SanDisk nCacheTM frees the write cache to operate as intended. It quickly receives and acknowledges writes back to the system in the background, when the user is not waiting on his system, to maximize system responsiveness. Since nCacheTM is implemented in NAND flash memory, it can be much larger than a DRAM cache. In some cases, it can provide enough write cache for 30 or more minutes of sustained user activity, realizing the original vision of a write cache.

ExtremeFFS (Extreme Flash File System)
ExtremeFFS has the potential to greatly extend endurance and accelerate SSD random write speeds by as much as 100 times compared with existing systems. Based on SanDisk's TrueFFSTM flash management system that was introduced in 1994 and incorporated into Windows 95 as the leading flash file system for major mobile handset vendors, ExtremeFFS applies a novel approach to flash management based on design elements such as:

• Page-based algorithm: Customized for popular operating systems such as Vista, ExtremeFFS uses a page-based algorithm with no fixed coupling between physical and logical location. This gives SanDisk SSD the freedom to store a sector of written data where it is most convenient and efficient.

• Fully non-blocking architecture: NAND channels operate independently as required by user activities, with some reading while others are writing and garbage collecting.
• User pattern learning: ExtremeFFS can learn user patterns to store data used with higher frequency in quickly accessible locations.

LDE (Long-term Data Endurance)
LDE is the first industry metric that expresses how long data can be reliably stored in SSDs in a measurable number. LDE was proposed by SanDisk as a benchmark to enable users to compare the data endurance of SSDs from various manufacturers. Based on typical end-user activity, LDE provides the total number of data writes, expressed in Terabytes that can be performed over the SSD lifespan. SanDisk offers a methodology that enables accelerated testing.

vRPM (virtual Revolutions Per Minute)
This is a new metric to enable users to compare SSD performance in client PCs with the HDD and with other SSDs. The beauty of vRPM is its simplicity. SanDisk chose to use RPM since it is a language that users understand, a defacto standard in the hard disk drive (HDD) world.

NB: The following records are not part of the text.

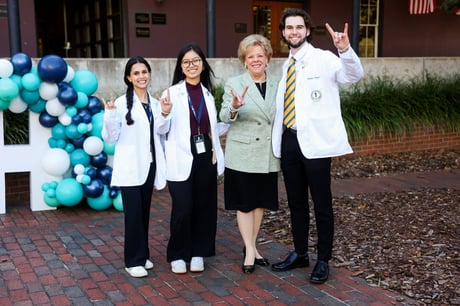 President Law with USF medical students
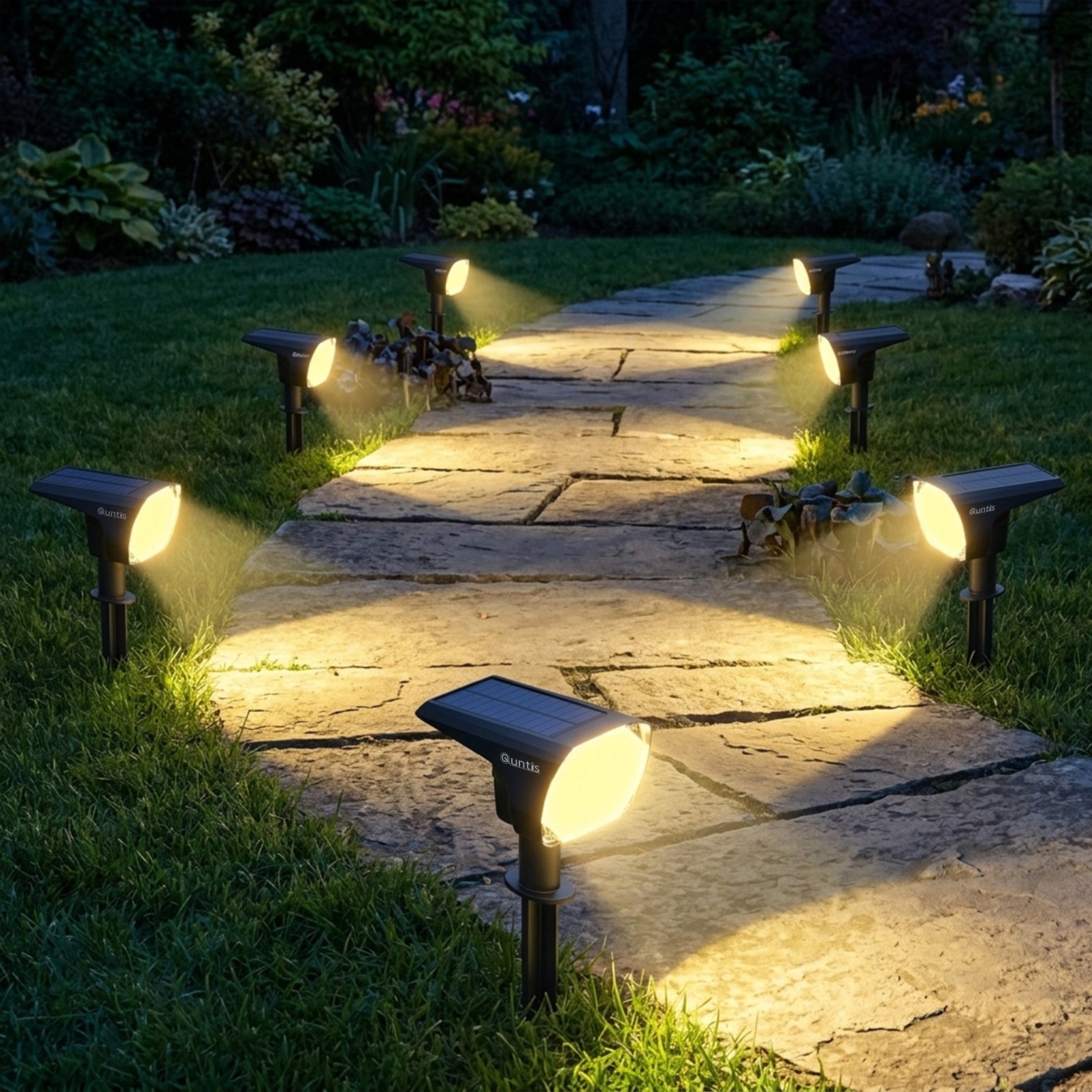 Quntis 2700K Warm White Solar Spotlights, 28 LED USB-C Powered 3 Lighting Modes, IP67 Waterproof Lighting for Garden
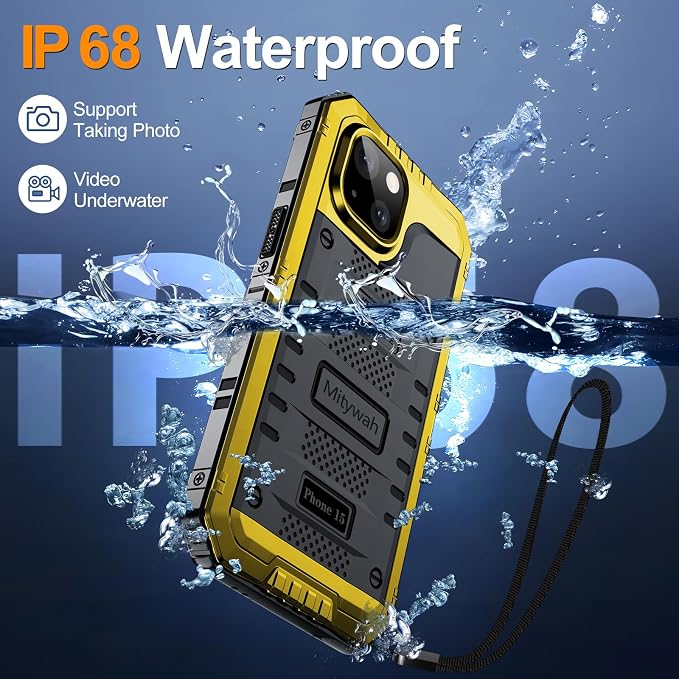 Mitywah Waterproof Case for iPhone 15, Heavy Duty Shockproof Case with Built-in Screen Protector, Full Body Underwater Protective Metal Case 6.1 inch, Yellow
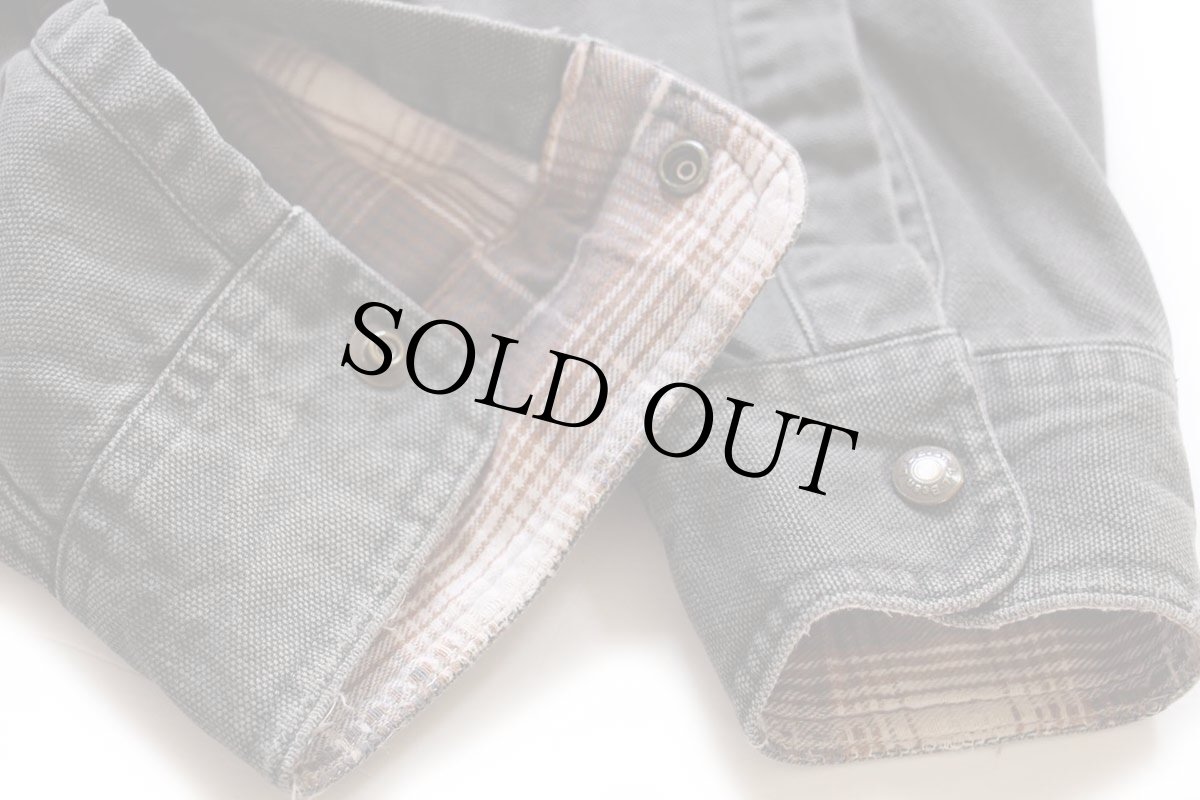 画像6: カナダ製 L.L.Bean タータンチェック ネルライナー コットン キャンバス ラインドハリケーンシャツ モスグリーン S (6)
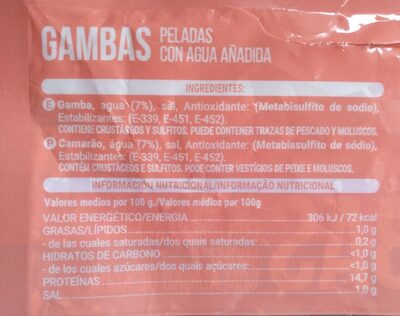 Gambas peladas con agua añadida Hacendado ingredientes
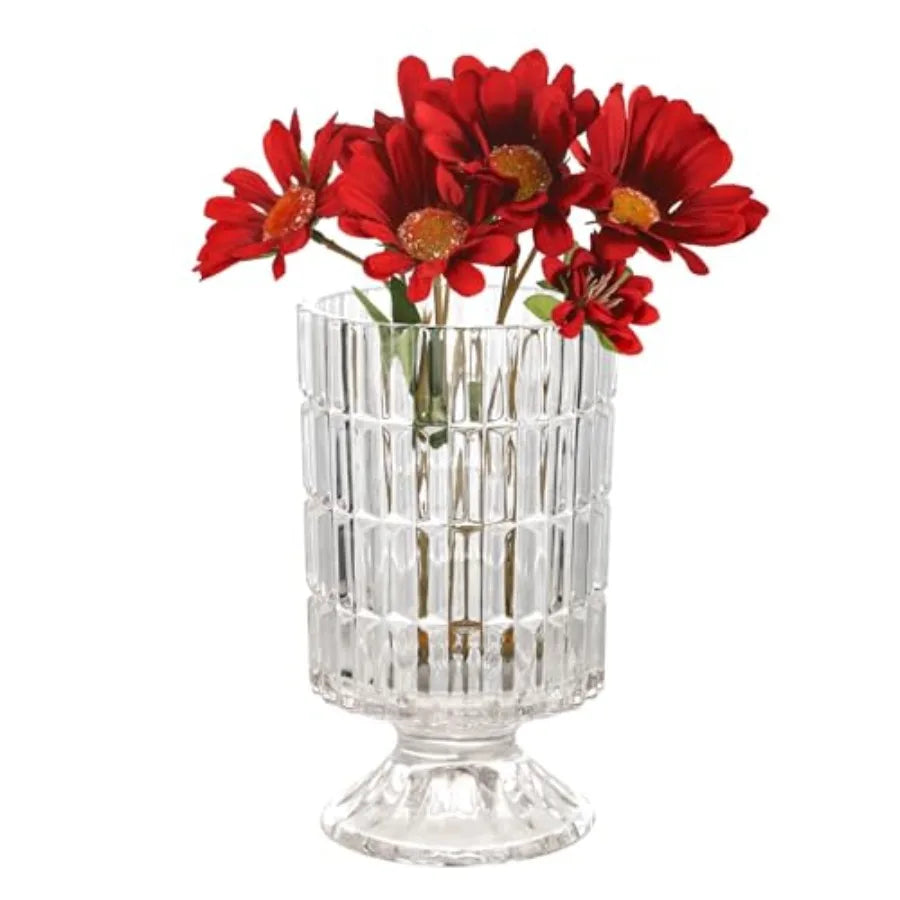 Pedestal Base Glass Vase Wide Mouth vases for Flowers, Embossed Flower Vase Decorative for Home Office Wedding Holiday Party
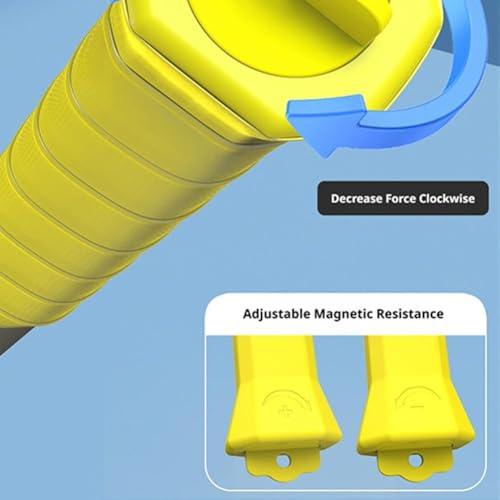 Badminton Power Trainer with Magnetic Resistance, 11.8" Swing Trainer Sound Feedback for Smash Technique, Real Racket Handle Feel for Wrist Arm Strength Training Fitness Professional Players - color: Yellow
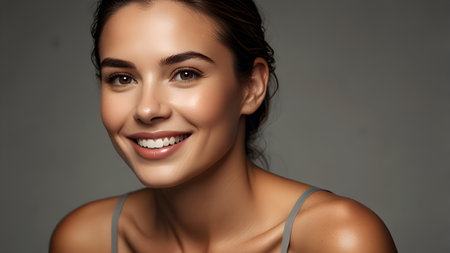 Portrait of beautiful young woman with clean fresh skin, on grey backgroundの素材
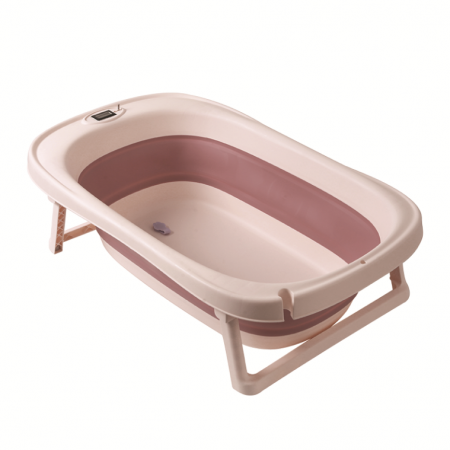 Set Cadita pliabila pentru bebelusi Beberoyal, cu termometru digital si dop de scurgere, Roz, 81cm CD-005-006 + Suport Textil Baie Bebelusi, Universal, Carlige prindere, Beberoyal [11]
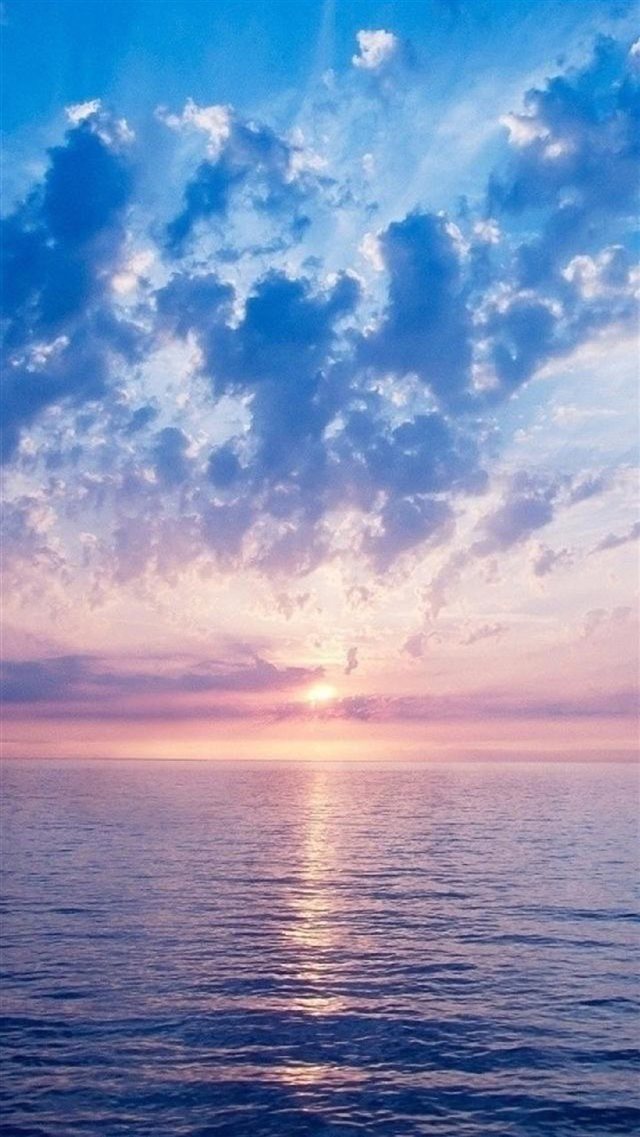 Nature Fantasy Purple Sunrise Scene Over Sea iPhone 8 wallpaper 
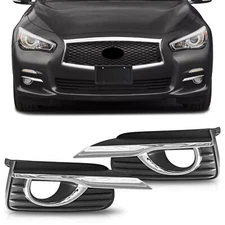 Fits 2014-2017 Infiniti Q50 Pair Bumper Fog light Cover Grill Trim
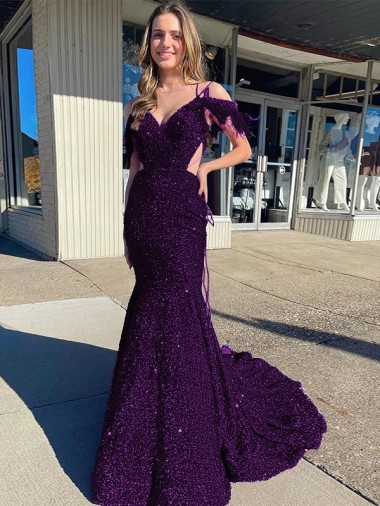 Wholesale Cold Shoulder Sleeveless Long Court Train Velvet Sequin Prom Dress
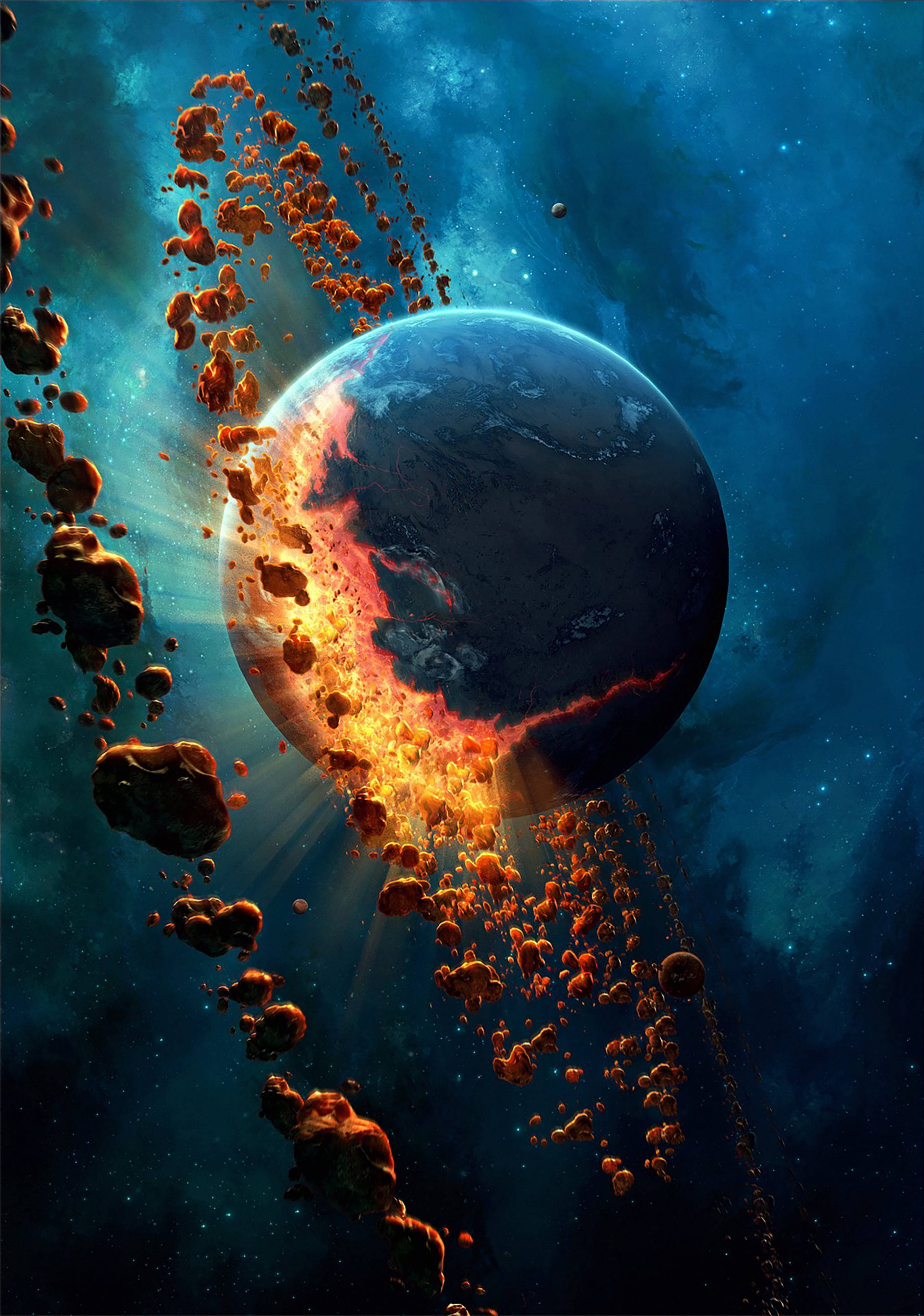 外太空 桌布 壁紙 — 一顆行星在深藍色宇宙背景中碎裂成熾熱的橙色碎片，伴隨著閃爍的星星。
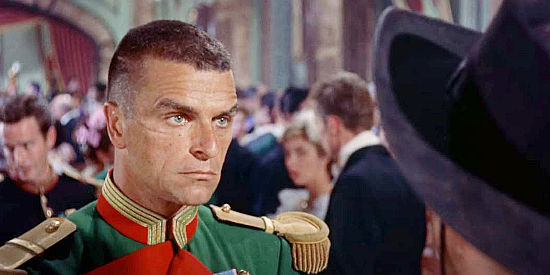Henry Brandon as Capt. Dannette, refined commander of the Mexican lancers in Vera Cruz (1954)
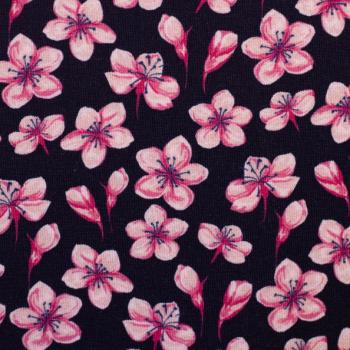 Baumwolljersey Kalamos Swafing Blumen auf dunkelblau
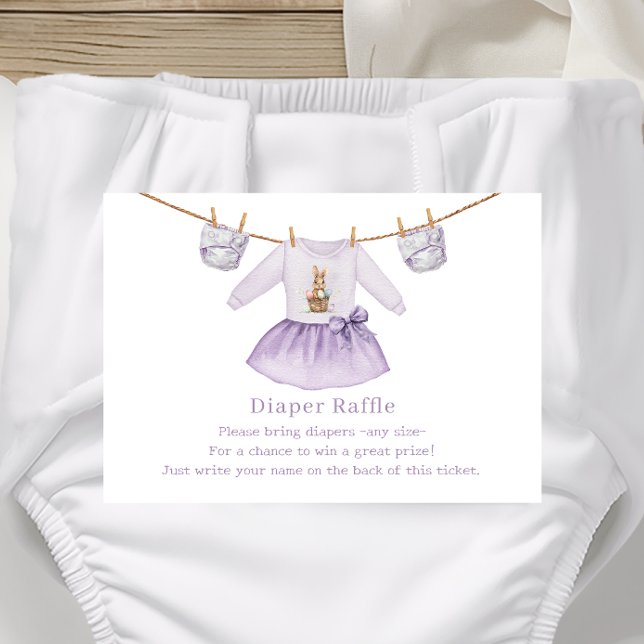 Easter Dress Diaper Raffle Purple Baby Shower Enclosure Card (Creator Uploaded)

However, since the SSD has no revolving parts, which cause the HDD to incur latency penalties, SanDisk modified RPM to vRPM. vRPM essentially answers the question: "How fast would you have to spin a virtual HDD to achieve the level of performance seen by an SSD in a client PC?" SanDisk's new vRPM metric results indicate that SSDs are faster than HDDs when performing random read and write operations.